Davis about to adios
The outlaws' car soon breaks down and the men flee into the wilderness of the region ... and in a bit of good news for the town of Cisco, the two little girls are found unhurt in the backseat of the Buick and returned to their parents. Outrage spreading like a wildfire, a huge manhunt for the murderers soon begins, the largest in Texas history. In the following days of Christmas Eve, Christmas, and beyond, the flight and pursuit includes the outlaws' kidnapping of Carl Wylie, who they force to drive them around until his car breaks down, the theft of another car and its abandonment, the bandits walking through icy and sleeting conditions, a thwarted ambush of the men by Sheriff Foster of Young County as the group tries to flee across the Brazos River, another car chase, a shootout in a field orchestrated by future Texas Ranger Cy Bradford who repeatedly loading and firing a double-barrel shotgun, wounds all three crooks (Hill and Helms will escape into the brush) and brings down Ratliff ... and a finale in which the last two bank robbers, cold, tired, and starving, walk into the town of Graham on December 30th and give themselves up.

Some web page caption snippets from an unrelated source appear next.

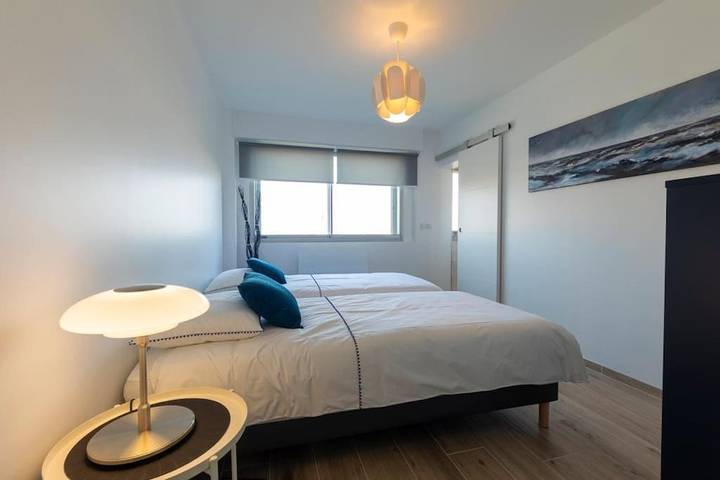 Ferienwohnung für 4 Personen, mit Balkon und Garten in Calais - 4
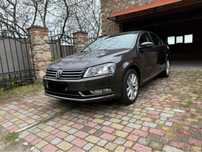 Volkswagen Passat B7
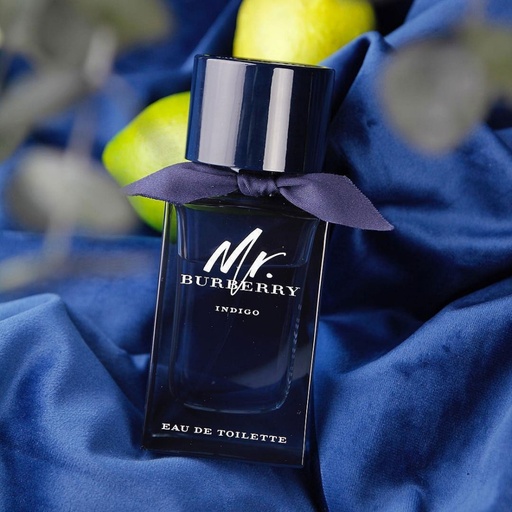 [BURBERRY] BURBERRY MR BURBERRY INDIGO EDT 100 ML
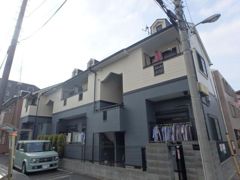 フォレストハイムの外観画像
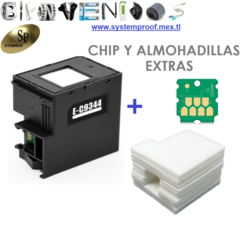 C9344 CAJA L5590, L3560, L5560, L3560, L3550, L5550 C/chip extra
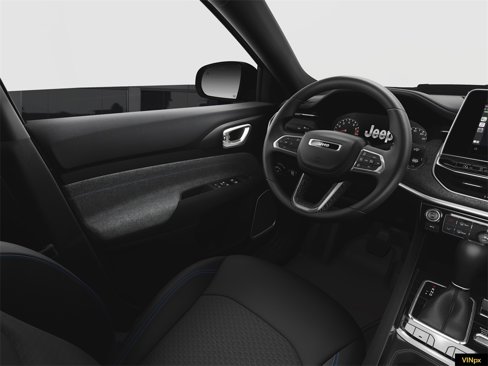 New 2025 Jeep Compass Latitude image 39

Posse outside the Graham jail celebrating the
capture of the Santa Claus bank robbers
Fugitives in custody, Hill will be sentenced to ninety-nine-years in prison, Helms will roast in the state's electric chair, and Ratliff, sentenced to death, will feign insanity, kill one of his guards trying to escape, and be lynched by the upset citizens of Eastland County in November of 1929.
12/23/1927 - Cisco, Texas
With the human toll that the Santa Claus Bank Robbery and its aftermath take, it is little wonder that the crime is still remembered and considered one of the most infamous moments in the state of Texas' bloody history.